§ **Assignment**
With the pictures removed, write out the full listing below exactly.

§ **Input data**
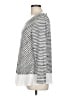 New Directions Silver Pullover Sweater Size L (petite) - photo 5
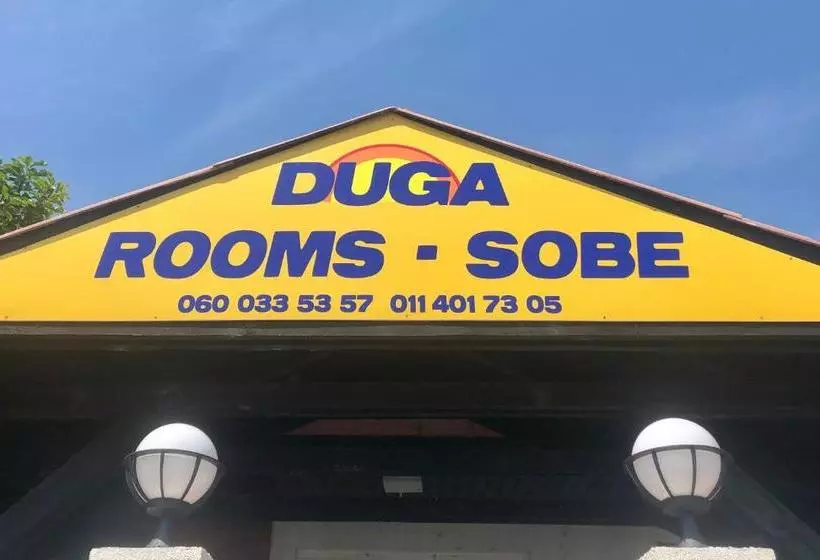 پانسیون Guesthouse Duga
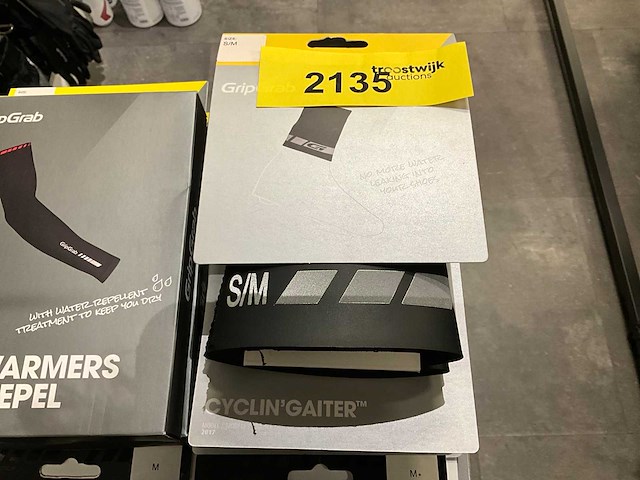 Gripgrab 2017/4014/m4019/m4024 fietskleding - s/m (7x) - afbeelding 4 van  5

§ **Exercise answer**
 New Directions Silver Pullover Sweater Size L (petite) - photo 5
 پانسیون Guesthouse Duga
 Gripgrab 2017/4014/m4019/m4024 fietskleding - s/m (7x) - afbeelding 4 van  5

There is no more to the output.